Much has been made of the so-called four freedoms that go with EU membership: namely, free movement of goods within the single market, free movement of workers, the freedom to establish and provide services, and the free movement of capital. Indeed, the creation of the common currency can also be seen as reducing the transactions costs of doing business within the EU. Even some standards can be seen as necessary to facilitate trade and commerce by creating common definitions of products.
While these economic freedoms are a major strength of the EU community, they have in practice been accompanied by the growth of a bureaucratic and administrative apparatus that had resulted in a regulatory environment not always economic-growth enhancing.
For example, there are EU regulations dealing with food safety designed to ensure public health and high quality products, which in their implementation ultimately raise the cost of doing business.
Energy policy obliges member states to ensure “security of supply” in the event of supply disruption and an emphasis on renewable energy, which is not always a cost-effective policy when it comes to consumer energy costs. Consumer protection laws within the EU have seen a shift from minimal to maximal harmonisation requirements, which again can result in substantial regulatory burdens.

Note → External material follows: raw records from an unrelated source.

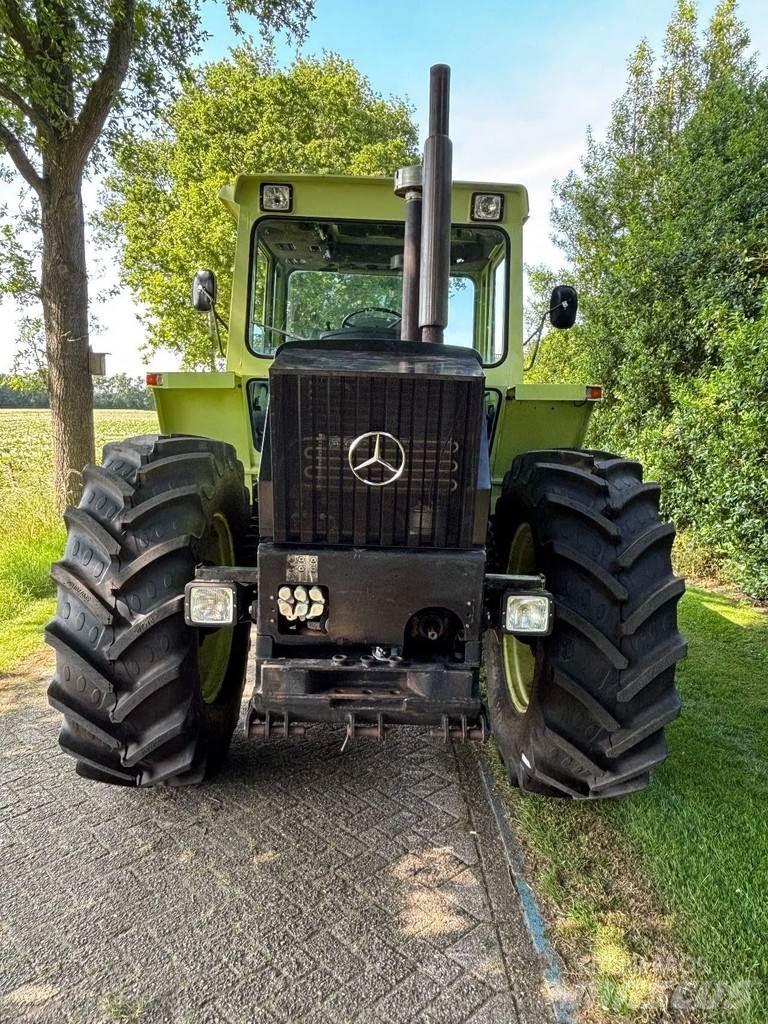 MB Trac 1500 曳引機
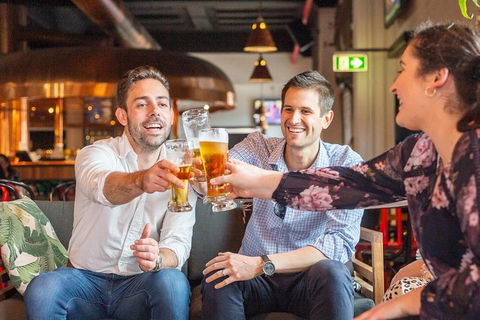 XXXX Brewery Tour - E Caravan Parks 7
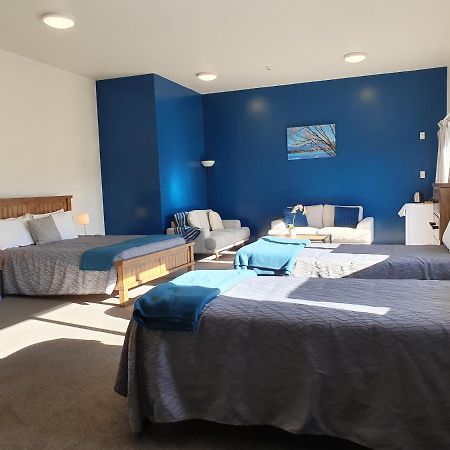 Pukaki Air Lodge Твайзел Екстер'єр фото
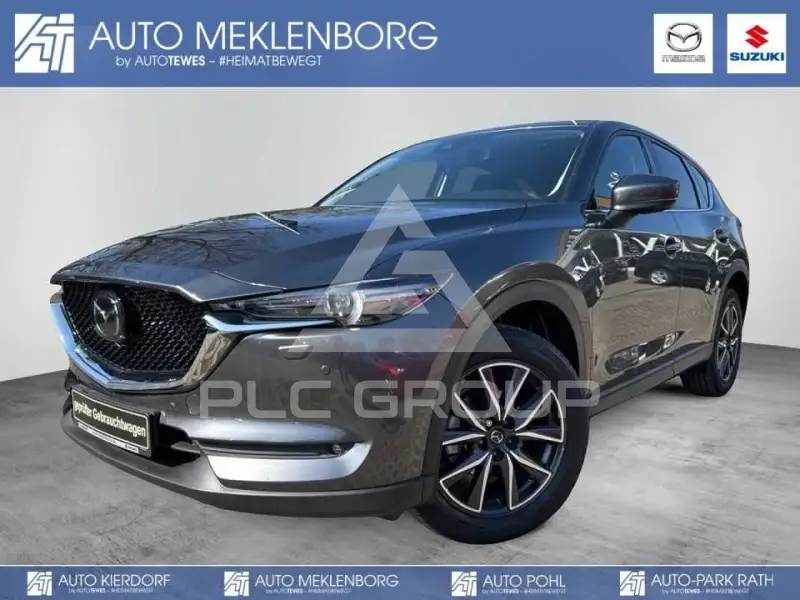 2018 Mazda CX-5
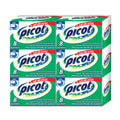 Sal de Uvas Picot, Effervescent Powder Solution, Antacid, 0.17 Oz, 8 Count (Pack of 6) Antacid Packets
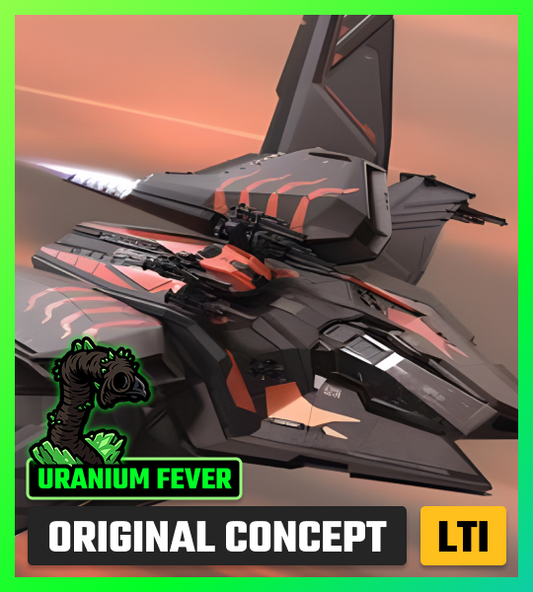 Scorpius + Stinger Paint - Original Concept LTI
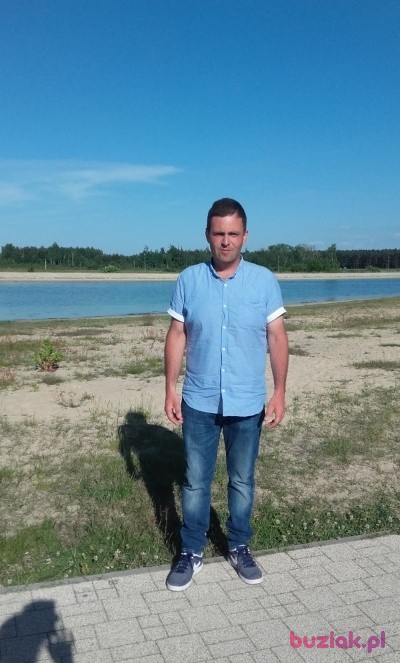 Michał, Male, 41, Biłgoraj, Polska, Photo: 1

For some examples of what these regulations can entail, there have been standards with respect to how “curvy” a cucumber or banana can be. And standards as to the size of vacuum cleaners and the condensation efficiency of tumbler dryers in an effort to promote lower energy consumption.
The result is a rather large bureaucracy and associated costs of enforcement with not always apparent results with respect to energy efficiency or consumer safety. At the same time, many of these laws are not EU bureaucratic decrees but the result of lobbying by interest groups via the governments of member states. Nevertheless, there is a cost to red tape, and in the case of the U.K. has been estimated at £33.3 billion (pounds) annually. Yet it has also been suggested by the OECD that British markets are already among the least regulated in the developed world, making the gains from Brexit problematic.
There’s indeed a need for change in the EU and particularly the need for a fifth freedom—the freedom from excessive government regulation in the conduct of economic affairs. What is particularly unfortunate is that in the case of the U.K., the political leaders of the exit side have been quite irresponsible in advocating for departure without any plan for implementation or any set of policy goals that exit from the EU should achieve. Even the often touted “Norway option,” which would retain access to the European market, also leaves many regulations in place making the exit’s benefits dubious at best.
What has been done is establish an economically uncertain path, which may damage economic performance in the short term. Moreover, rather than simply departing, the U.K. might have been more effective as an advocate for change within the union.